(Records excerpted from a collection)
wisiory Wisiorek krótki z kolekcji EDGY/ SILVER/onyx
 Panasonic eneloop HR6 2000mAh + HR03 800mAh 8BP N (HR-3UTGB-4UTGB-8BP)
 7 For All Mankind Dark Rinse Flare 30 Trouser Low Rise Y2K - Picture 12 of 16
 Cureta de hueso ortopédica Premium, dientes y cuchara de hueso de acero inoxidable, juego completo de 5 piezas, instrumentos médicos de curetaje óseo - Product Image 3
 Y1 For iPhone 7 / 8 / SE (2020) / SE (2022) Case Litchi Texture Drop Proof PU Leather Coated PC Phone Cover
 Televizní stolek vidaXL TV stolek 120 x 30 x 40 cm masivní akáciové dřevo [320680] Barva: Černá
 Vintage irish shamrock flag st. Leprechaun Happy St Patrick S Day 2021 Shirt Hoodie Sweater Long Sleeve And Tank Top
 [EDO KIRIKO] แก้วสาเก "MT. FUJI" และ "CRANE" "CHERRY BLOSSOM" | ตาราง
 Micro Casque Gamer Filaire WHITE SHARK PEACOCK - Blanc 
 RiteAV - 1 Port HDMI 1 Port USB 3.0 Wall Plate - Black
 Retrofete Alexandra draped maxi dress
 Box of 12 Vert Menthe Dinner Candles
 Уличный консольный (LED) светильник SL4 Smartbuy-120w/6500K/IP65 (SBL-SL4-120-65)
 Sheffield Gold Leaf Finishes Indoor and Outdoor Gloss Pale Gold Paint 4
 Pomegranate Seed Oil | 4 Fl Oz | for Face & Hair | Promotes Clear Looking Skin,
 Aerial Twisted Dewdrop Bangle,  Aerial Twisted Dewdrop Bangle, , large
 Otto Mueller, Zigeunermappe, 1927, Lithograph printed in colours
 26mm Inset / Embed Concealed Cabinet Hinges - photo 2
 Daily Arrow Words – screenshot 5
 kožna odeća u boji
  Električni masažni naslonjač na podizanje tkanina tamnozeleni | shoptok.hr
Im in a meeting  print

> [TASK ITEM]: Set down exactly what runs from the line containing "Sheffield Gold Leaf" through the last line above, both lines included.

> [PROBLEM SOLUTION]:
 Sheffield Gold Leaf Finishes Indoor and Outdoor Gloss Pale Gold Paint 4
 Pomegranate Seed Oil | 4 Fl Oz | for Face & Hair | Promotes Clear Looking Skin,
 Aerial Twisted Dewdrop Bangle,  Aerial Twisted Dewdrop Bangle, , large
 Otto Mueller, Zigeunermappe, 1927, Lithograph printed in colours
 26mm Inset / Embed Concealed Cabinet Hinges - photo 2
 Daily Arrow Words – screenshot 5
 kožna odeća u boji
  Električni masažni naslonjač na podizanje tkanina tamnozeleni | shoptok.hr
Im in a meeting  print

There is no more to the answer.